Only because they ask to come to us after spending time in the US....  (we just feel sorry for them).   So, we throw in free education and healthcare...We're 'nice' that way.


----------



## David Baxter PhD (Mar 20, 2010)

Threadjacking, split from http://forum.psychlinks.ca/resource...e-15-minute-rule-for-getting-things-done.html


----------



## Banned (Mar 20, 2010)

David Baxter said:


> I thought the 15 minute rule was for food dropped on the floor....


 
Maybe that was in your day, but now it's the five second rule.  Anything picked up within five seconds is edible.  After that, forget it.

Geez...15 minutes?  That's long enough for a colony of ants to come along and take it away.


----------



## David Baxter PhD (Mar 20, 2010)

Turtle said:


> Maybe that was in your day, but now it's the five second rule.  Anything picked up within five seconds is edible.  After that, forget it.
> 
> Geez...15 minutes?  That's long enough for a colony of ants to come along and take it away.


 
Hint: Mop, broom, vacuum cleaner, and ant traps.


----------



## Cat Dancer (Mar 20, 2010)

Turtle said:


> Geez...15 minutes?  That's long enough for a colony of ants to come along and take it away.



:lol: I died laughing. :lol:


----------



## Domo (Mar 21, 2010)

If you were at my brother's house, his dog would have snapped up any morsel mid air!
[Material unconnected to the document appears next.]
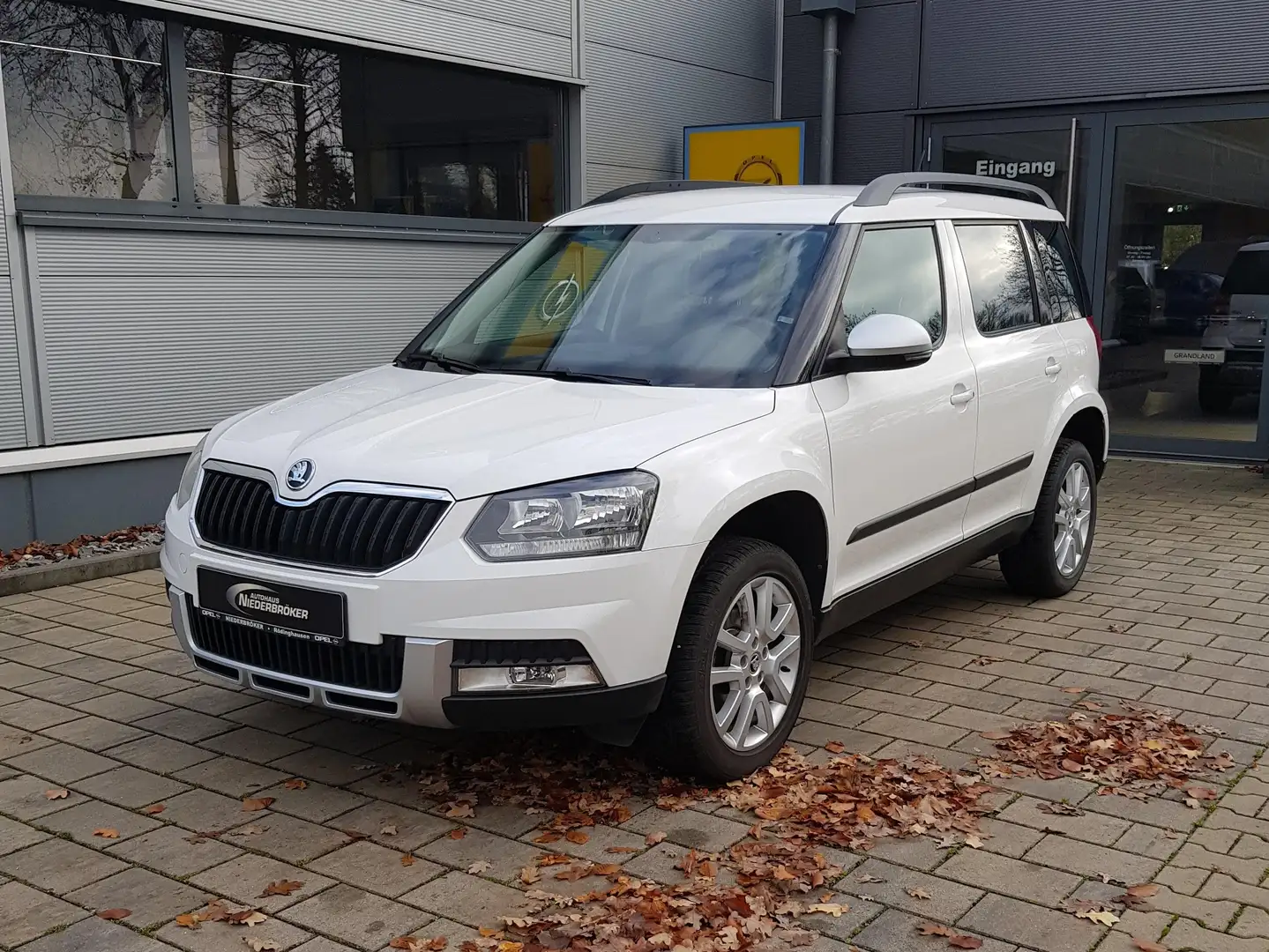 Skoda Yeti Ambition Outdoor, Parkpilot h., Sitzheizung Weiß - 1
None of this 15 second business :lol:


----------



## Cat Dancer (Mar 21, 2010)

LOL. My dog, Buddy, is like that too. You have to watch your fingers too.  I think he could make a good snack out of them.


----------



## Domo (Mar 21, 2010)

:lol: Cheddar is quite gentle when she takes food actually, however when she brings a toy to you to play with, she really loves to 'accidentally' have a little nibble on your hands.  

She really isn't fooling anyone though!

My brother was going to call their dog Buddy  It is a good name.


----------